Выбрать главу

6

В России внимательно следили не только за ходом военных действий на польском фронте, но и за реакцией Западной Европы на эти события. Пушкинские письма того времени просто пестрят замечаниями на эту тему, и чаще всего в них звучит сильная обеспокоенность. "Конечно, выгода почти всех правительств держаться в сем случае правила non-intervention, т. е. избегать в чужом пиру похмелья; но народы так и рвутся, так и лают - того и гляди, навяжется на нас Европа", пишет Пушкин Вяземскому.

В начале 1831 года, будучи в Москве, где жил тогда Вяземский, Пушкин, видимо, много беседовал с ним о польских делах. 7 января Вяземский упоминает в дневнике об одном из таких разговоров и приводит шутку Пушкина о польском наместнике Константине Павловиче: "он еще так молод и уже дважды вдов утратив империю и королевство", сказал Пушкин.* {"Si jeune encore et deux fois veuf - d'un empire et d'un royaume". Великий князь Константин, брат Александра I и Николая I, на протяжении нескольких часов был русским императором.
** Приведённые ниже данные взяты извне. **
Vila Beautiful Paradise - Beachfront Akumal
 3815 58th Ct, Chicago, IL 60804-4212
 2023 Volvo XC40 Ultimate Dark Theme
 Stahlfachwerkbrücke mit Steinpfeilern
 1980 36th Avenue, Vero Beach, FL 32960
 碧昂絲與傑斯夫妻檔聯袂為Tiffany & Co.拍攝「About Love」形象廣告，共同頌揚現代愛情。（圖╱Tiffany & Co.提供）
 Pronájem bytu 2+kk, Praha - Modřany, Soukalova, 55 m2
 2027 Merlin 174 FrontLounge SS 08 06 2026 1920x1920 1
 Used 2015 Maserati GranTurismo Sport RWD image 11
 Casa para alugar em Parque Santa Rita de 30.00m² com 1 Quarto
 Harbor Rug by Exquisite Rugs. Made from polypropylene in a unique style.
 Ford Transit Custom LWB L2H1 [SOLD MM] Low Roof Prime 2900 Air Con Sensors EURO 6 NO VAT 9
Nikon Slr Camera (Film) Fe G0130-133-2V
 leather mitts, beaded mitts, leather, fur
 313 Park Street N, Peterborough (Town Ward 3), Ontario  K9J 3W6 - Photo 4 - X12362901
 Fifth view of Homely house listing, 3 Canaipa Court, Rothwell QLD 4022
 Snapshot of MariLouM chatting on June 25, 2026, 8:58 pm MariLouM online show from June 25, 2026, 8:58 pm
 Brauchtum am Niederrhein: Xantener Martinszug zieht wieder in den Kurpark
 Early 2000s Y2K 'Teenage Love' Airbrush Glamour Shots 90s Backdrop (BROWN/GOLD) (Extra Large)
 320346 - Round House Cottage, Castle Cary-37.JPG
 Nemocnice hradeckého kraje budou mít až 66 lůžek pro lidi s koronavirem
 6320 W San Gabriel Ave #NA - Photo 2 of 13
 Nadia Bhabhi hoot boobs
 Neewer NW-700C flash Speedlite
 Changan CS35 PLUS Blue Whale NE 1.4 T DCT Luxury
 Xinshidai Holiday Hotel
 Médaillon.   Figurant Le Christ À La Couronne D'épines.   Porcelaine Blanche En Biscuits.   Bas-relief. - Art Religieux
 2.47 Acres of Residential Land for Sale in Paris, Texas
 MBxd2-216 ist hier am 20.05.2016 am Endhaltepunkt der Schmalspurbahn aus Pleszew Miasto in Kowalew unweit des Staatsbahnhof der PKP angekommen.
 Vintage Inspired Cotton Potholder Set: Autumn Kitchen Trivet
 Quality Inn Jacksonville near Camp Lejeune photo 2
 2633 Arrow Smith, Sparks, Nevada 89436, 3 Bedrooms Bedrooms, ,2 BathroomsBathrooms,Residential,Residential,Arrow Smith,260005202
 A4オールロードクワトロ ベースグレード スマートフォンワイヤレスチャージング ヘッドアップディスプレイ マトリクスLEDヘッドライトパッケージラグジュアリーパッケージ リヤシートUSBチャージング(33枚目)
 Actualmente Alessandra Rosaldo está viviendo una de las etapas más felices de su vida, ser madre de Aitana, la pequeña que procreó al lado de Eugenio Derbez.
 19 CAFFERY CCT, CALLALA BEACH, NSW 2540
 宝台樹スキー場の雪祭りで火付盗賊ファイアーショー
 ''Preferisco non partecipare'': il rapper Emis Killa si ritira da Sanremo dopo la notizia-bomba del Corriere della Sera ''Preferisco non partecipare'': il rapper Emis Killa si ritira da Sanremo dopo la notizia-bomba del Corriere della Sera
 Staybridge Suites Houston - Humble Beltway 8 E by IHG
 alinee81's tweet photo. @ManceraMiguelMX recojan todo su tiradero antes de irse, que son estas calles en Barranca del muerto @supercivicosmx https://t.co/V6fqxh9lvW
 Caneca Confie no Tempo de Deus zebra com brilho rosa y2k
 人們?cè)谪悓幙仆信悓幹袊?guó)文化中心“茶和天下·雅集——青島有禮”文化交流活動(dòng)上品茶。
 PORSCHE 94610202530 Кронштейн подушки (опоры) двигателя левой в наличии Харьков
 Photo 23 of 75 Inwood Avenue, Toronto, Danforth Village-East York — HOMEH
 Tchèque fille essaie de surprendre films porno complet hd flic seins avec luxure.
В 1822 году он отказался от престола, так как был женат на польке, и его дети не могли иметь права на русский престол. Александр принял этот отказ, но почему-то не сообщил о нем младшему брату, Николаю. В связи с этим, когда Александр в 1825 году неожиданно умер в Таганроге, Николай в Петербурге принес присягу Константину, а Константин в Варшаве принес присягу Николаю.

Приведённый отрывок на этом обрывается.